To map reads to repetitive elements, we created a pseudo-genome that only contains the repeat sequences. The used in house scripts are available here. In summary the pseudo-genome can be created as follows (in a Linux operating system)
Clone our code repository
git clone https://github.com/sirusb/2CLike_analysis.git
Go to the Pseudogenome folder
cd Pseudogenome
Download the mm9 repeats annotation from RepEnrich google-dive here and put in the Pseudogenome folder.
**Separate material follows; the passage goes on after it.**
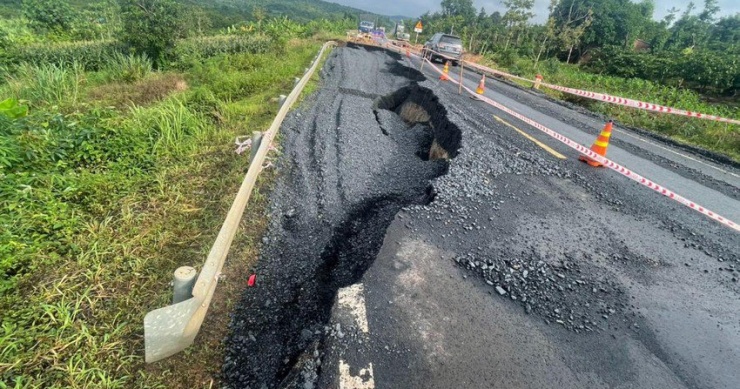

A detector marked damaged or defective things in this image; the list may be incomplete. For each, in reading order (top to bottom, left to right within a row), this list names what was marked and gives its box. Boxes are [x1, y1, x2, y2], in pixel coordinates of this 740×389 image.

Decompress the downloaded 'mm9_repeatmasker_clean.txt.gz` file as follows:
gunzip mm9_repeatmasker_clean.txt.gz
Create an mm9 fasta file that contains all the chromosomes present in the 'mm9_repeatmasker_clean.txt.gz` using the following bash script:
chroms=`cat mm9_repeatmasker_clean.txt | awk '{print $5}' | uniq | grep chr`
genome_version='mm9'
## Download the different chromosome .fa files
for f in $chroms
do
echo "Downloading chr${f}.fa.gz"
wget http://hgdownload.cse.ucsc.edu/goldenPath/${genome_version}/chromosomes/${f}.fa.gz -O ${f}.fa.gz zcat ${f}.fa >> ${genome_version}.fa
done
## Remove intermediate files
echo "removing intermediate files"
rm chr*.fa.gz
Open the file run_buildPseudogenome.sh and edit the path to Picard tools.
Run the run_buildPseudogenome.sh script
sh run_buildPseudogenome.sh
Once the script finish running it will create the rms_Pseudo_out folder that contains the newly created genome and its STAR index.